I would  prefer to go Terrestrial if I could receive Freeview here (Waterford City)  anyone know if thats possible. I know Freeview is receivable on some parts of the east coast.


----------



## jhegarty (21 Jan 2010)

I don't think there is any chance of getting it that far inland.


----------



## pudds (21 Jan 2010)

jhegarty said:


> I don't think there is any chance of getting it that far inland.



huh......if I walked out me front door, I'd be in the oirish sea


----------



## jhegarty (21 Jan 2010)

pudds said:


> huh......if I walked out me front door, I'd be in the oirish sea



You are trying to get a signal from Wales , so that's the direction I am talking about.


----------



## pudds (22 Jan 2010)

jhegarty said:


> You are trying to get a signal from Wales , so that's the direction I am talking about.



I see where your coming from now


----------



## horse7 (22 Jan 2010)

why dont you get a dish.


----------



## pudds (22 Jan 2010)

horse7 said:


> why dont you get a dish.





I was trying to avoid a dish or outside aerial but as it seems I wont get UK Freeview I'm now thinking of getting a combo stb and dish installed for freestat and hooking in my RTE aerial for home stations.

I just did a test using the old rabbits ears in the kitchen and got all the 4 irish channels pretty near perfect so a loft aerial might be all I need here.


----------



## hopalong (22 Jan 2010)

i think rte is broadcasting digital terrestial,but you need a mpeg4 receiver.


----------



## pudds (22 Jan 2010)

hopalong said:


> i think rte is broadcasting digital terrestial,but you need a mpeg4 receiver.



Thats right but *if* you are currently receiving the 4 irish channels by aerial then all you need is a  MPEG4 device to get the digital channels.

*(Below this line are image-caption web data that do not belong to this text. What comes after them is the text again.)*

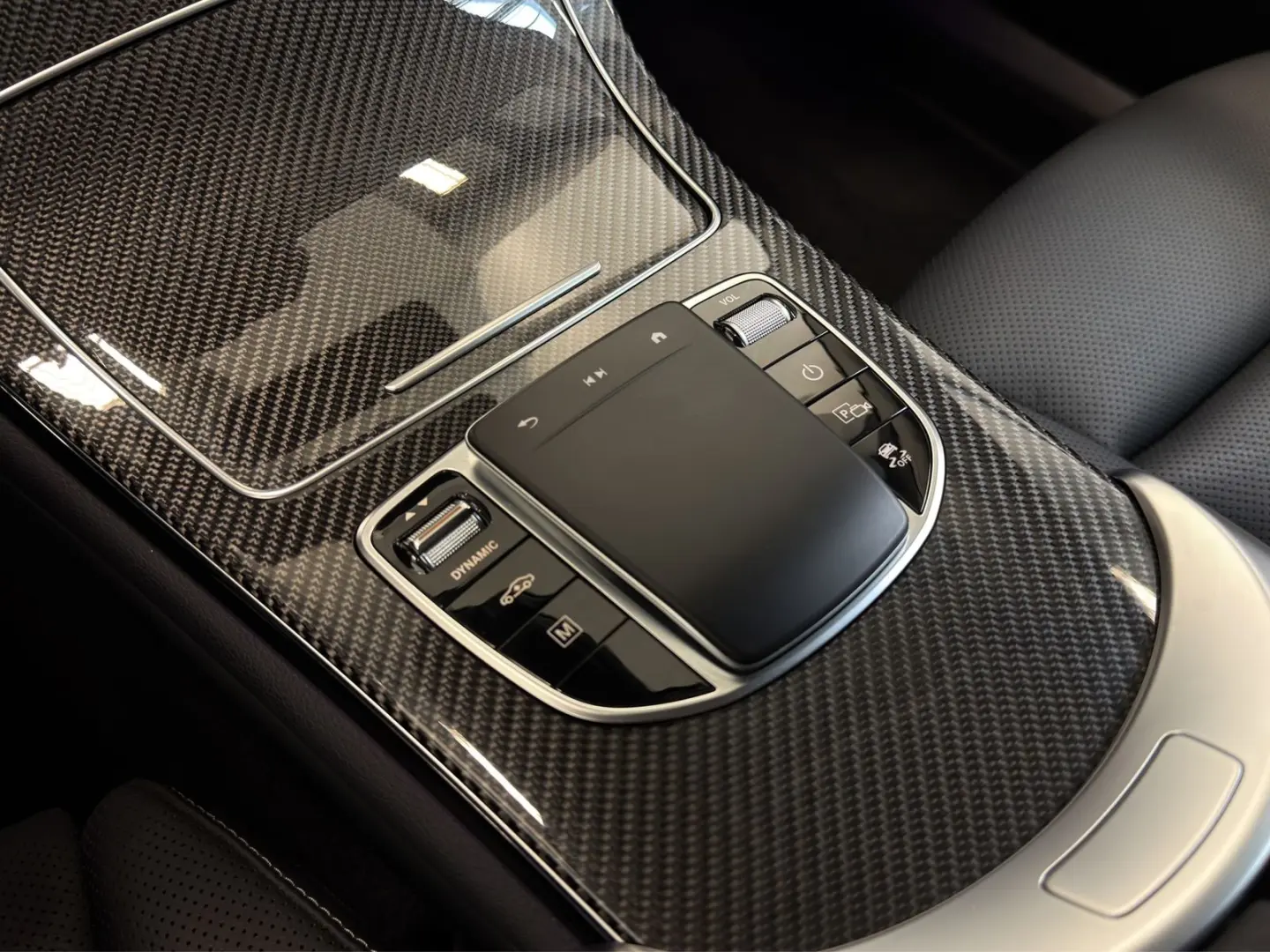 GLC 300 de 4M MEMORY Sitzklima HUD AHK 360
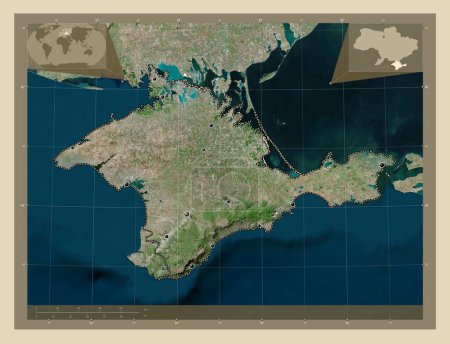 Foto de Crimea, república autónoma de Ucrania. Mapa satelital de alta resolución. Ubicaciones de las principales ciudades de la región. Mapas de ubicación auxiliares de esquina - Imagen libre de derechos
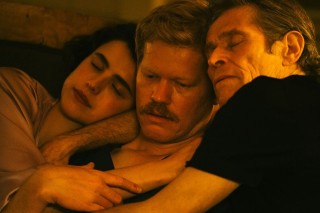 Margaret Qualley, Jesse Plemons en Willem Dafoe in Kinds of Kindness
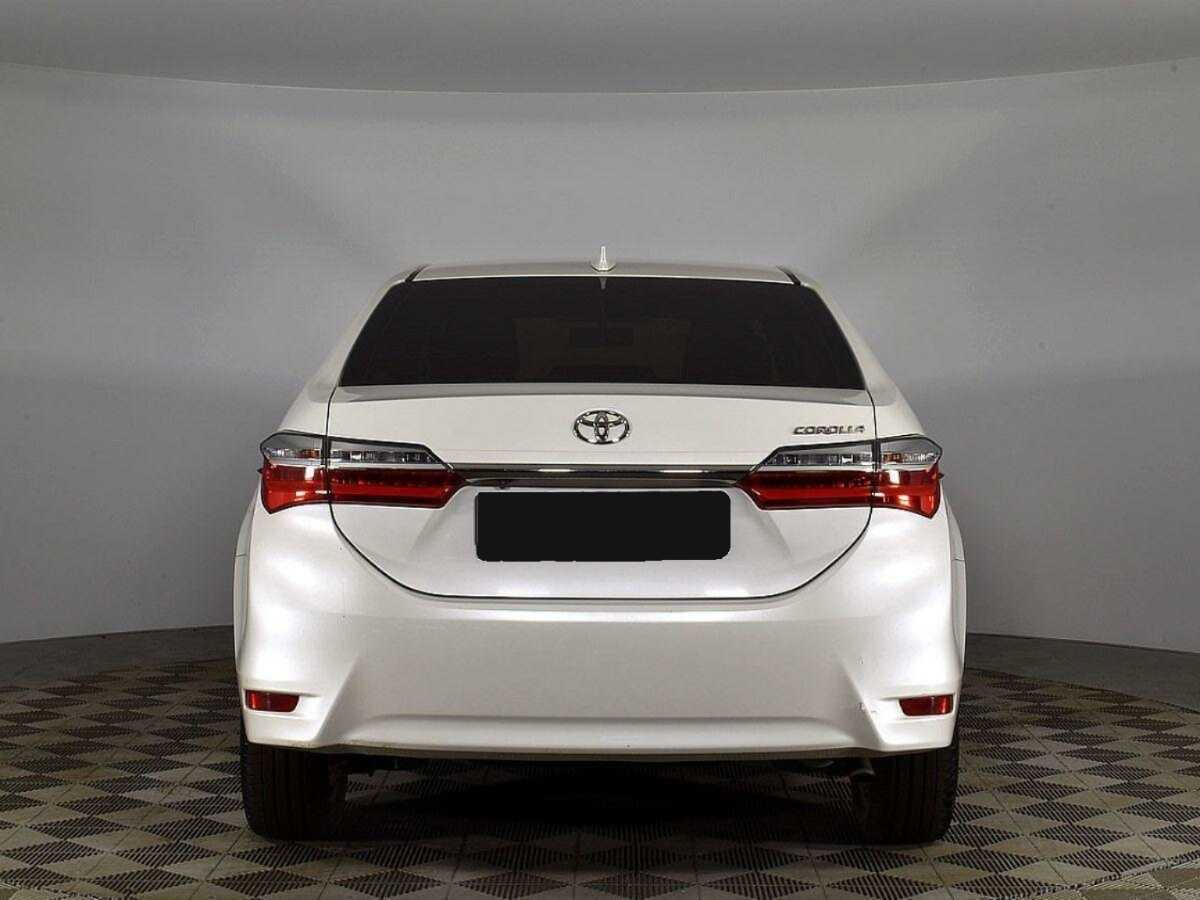 Toyota Corolla 2017 года с пробегом. Фото: #3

No special or outdoor aerial required.


----------



## hopalong (24 Jan 2010)

pudds how cheapis a mpeg4 receiver.


----------



## pudds (24 Jan 2010)

hopalong said:


> pudds how cheapis a mpeg4 receiver.



I'm not sure who is the cheapest, as these things have only become available fairly recently. 

A combo box (Irish DTT & Satellite)  €188

http://www.satellite.ie/acatalog/Terrestrial_and_Satellite__Free_to_Air_Combo_Receivers.html

Here its €149

http://www.saortv.com/shop/index.php?_a=viewCat&catId=3

If your just looking for an MPEG4 on its own, I'm sorry I'm not up to speed on that.


----------